Os que veem ao mundo em
condições assim adversas nada cometeram que justificasse uma vida inteira de
limitações. Como explicar, então, a infelicidade desses seres se, comumente, dentro da mesma família, outros
nascem com os requisitos necessários a
uma vida adulta favorável e útil?
Como explicar a morte de
crianças em tenra idade sem a oportunidade de conhecer da vida terrena a não ser o sofrimento, a
dor? Esta constatação não seria uma mostra de parcialidade divina? E uma
contundente prova de que, se a alma é
criada ao mesmo tempo que o corpo, ela tem aí sua sorte definitivamente destinada a pouco tempo
na Terra? Que praticaram essas almas recém-saídas das mãos de Deus, se não conheceram nem o bem nem o mal?
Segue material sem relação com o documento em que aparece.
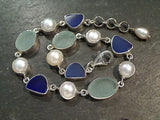 7.75" - 8.25" Sea Glass, Pearl, Sterling Silver Bracelet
Mas há uma verdade evidente por
si mesma, ou seja, um axioma, que diz que ‘todo
efeito tem uma causa’. Daí concluir-se que essas infelicidades são efeitos
que devem ter uma causa e, dado que Deus é o protótipo da Justiça, essa causa
deve ser justa. Como a causa vem sempre antes do efeito, se não se encontra na
vida atual, deve ser anterior a ela, ou seja, deve estar ligada a uma existência
precedente. Com este raciocínio, chegaremos à compreensão de que, se não
fizemos o mal nesta vida, só pudemos tê-lo feito numa outra – alternativa da
qual ninguém pode escapar. E a lógica dirá de que lado está a justiça de Deus.
Dessa forma, fica fácil entender
que o homem nem sempre é punido ou totalmente
punido na sua existência
corrente, mas não escapa de modo algum às consequências de seus erros. O homem
mau que prospera vive uma vida livre de problemas não mais que momentaneamente
e, se ele não expia no momento, expiará amanhã. Já aquele que sofre já expia o
seu passado. A desventura, que parece mal aplicada, tem sua razão de ser.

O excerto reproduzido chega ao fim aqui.